Surprisingly, it seems that the use of VLCCs for floating storage has increased in recent weeks, says a report by Poten & Partners
Information about the ships reveals that about every third vessel on charter contract earlier this year is now being used for floating storage. Most of the Arabian Gulf, but also some of Singapore, West Africa and the Mediterranean.
Ever since the dramatic decline in oil prices, which started in the second half of 2014, charterers and ship owners alike have been eying the forward oil market.
The goal was to determine at what point the contango in the oil market was going to be high enough to make storing crude on tankers commercially viable. This happened at the end of 2014 and in short succession (first) traders and (later) oil companies took some 30 VLCCs on time charter for periods up to 12 months.

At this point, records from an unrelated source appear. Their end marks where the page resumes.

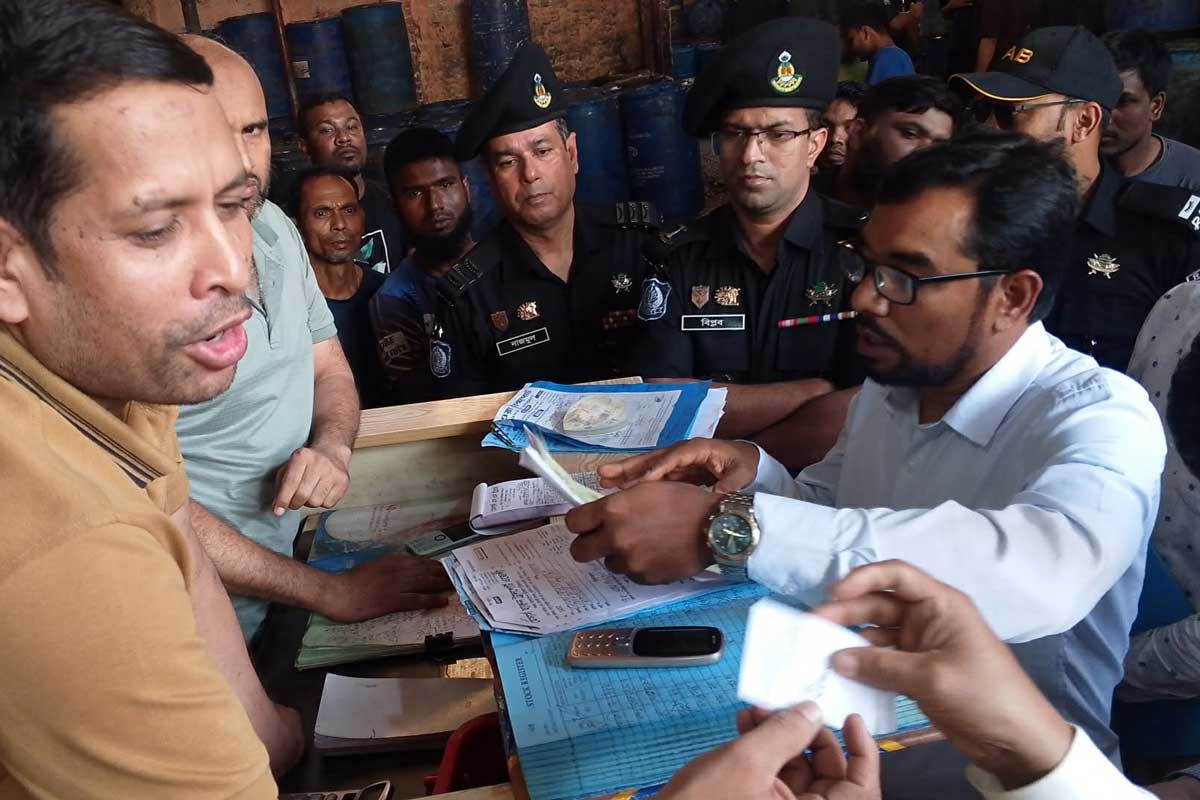 রংপুরে ভোক্তা অধিদপ্তরের অভিযানে দুই ব্যবসায়ীকে জরিমানা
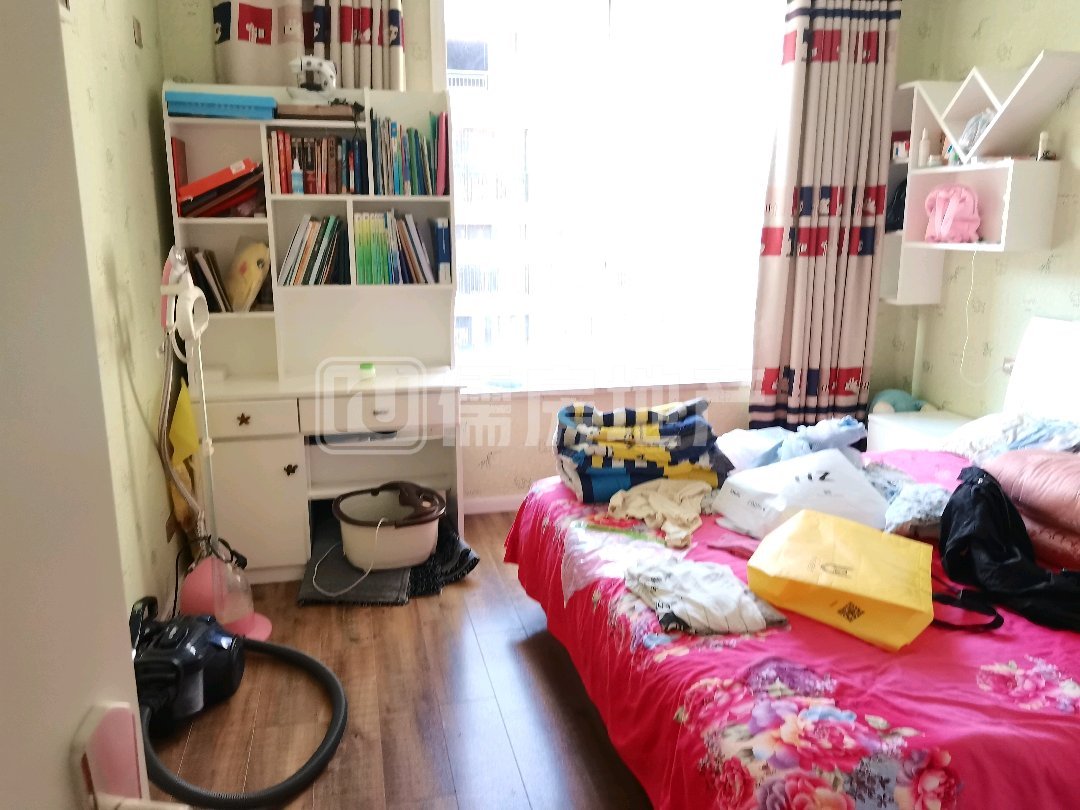 麟德公馆,朝阳学校附近3室2厅多层电梯洋房带地下停车位带地面柴房5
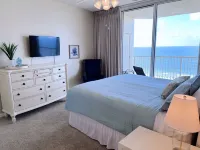 * Spectacular views! * Beachfront * 4 pools * Top Resort!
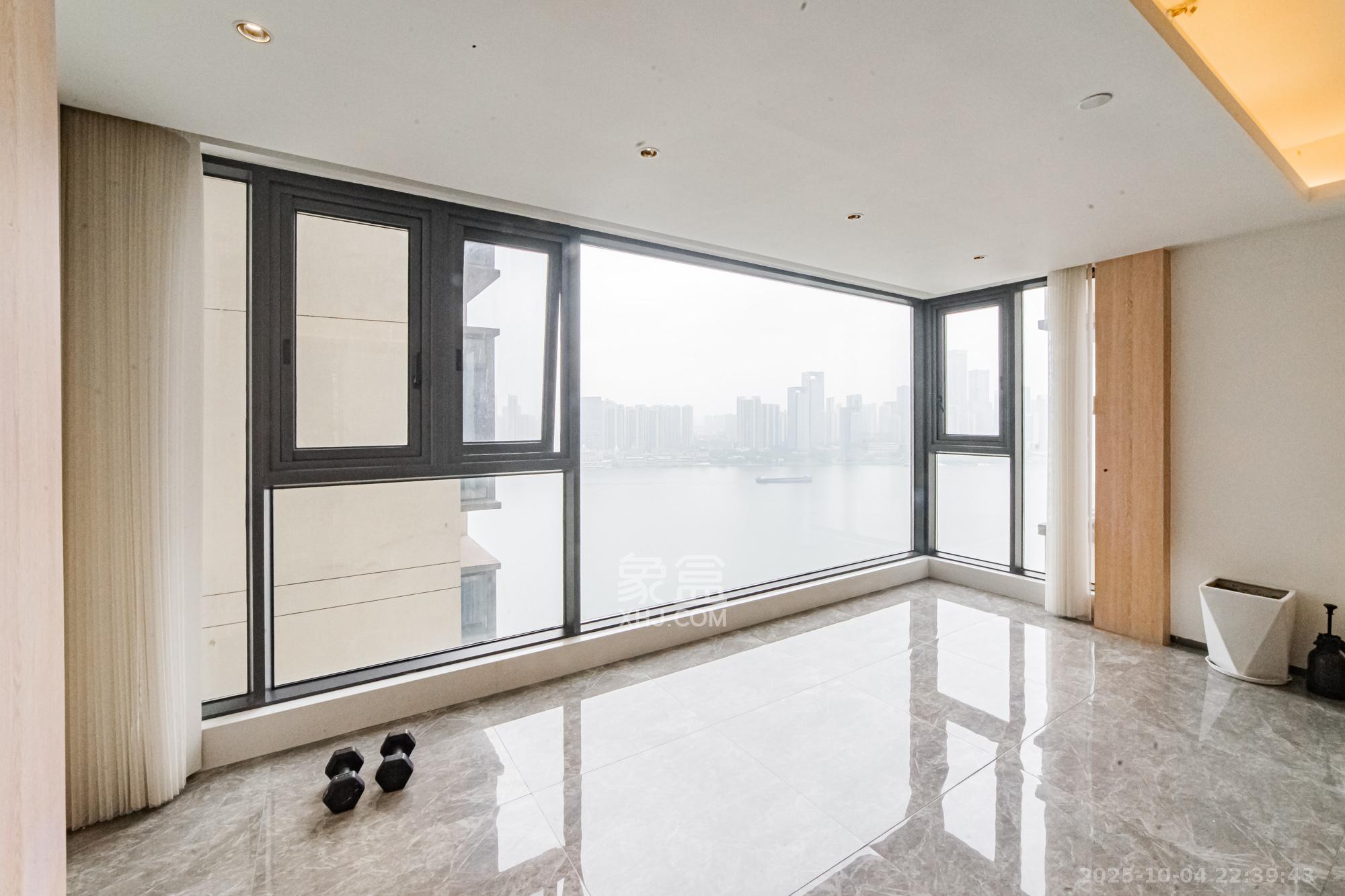 北辰瀚江府 4室2厅2卫 435.0万 北辰瀚江府 4室2厅2卫 435.0万阳台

However, as oil prices bounced back the forward curve flattened. At the same time tanker rates strengthened and it appears that storage economics quickly deteriorated. As a result very few vessels were actually utilized for floating storage. Most vessels ended up being actively traded in the spot market.
Vessel tracking information reveals that about a third of the vessels taken on time charter earlier in the year are now used for floating storage. Most of them are stationed in the Arabian Gulf, while several others are anchored outside Singapore, in West Africa and the Mediterranean.
It is difficult to speculate why certain charterers engage in floating storage at this point, but it is clear that it does provide additional support for the large tanker market.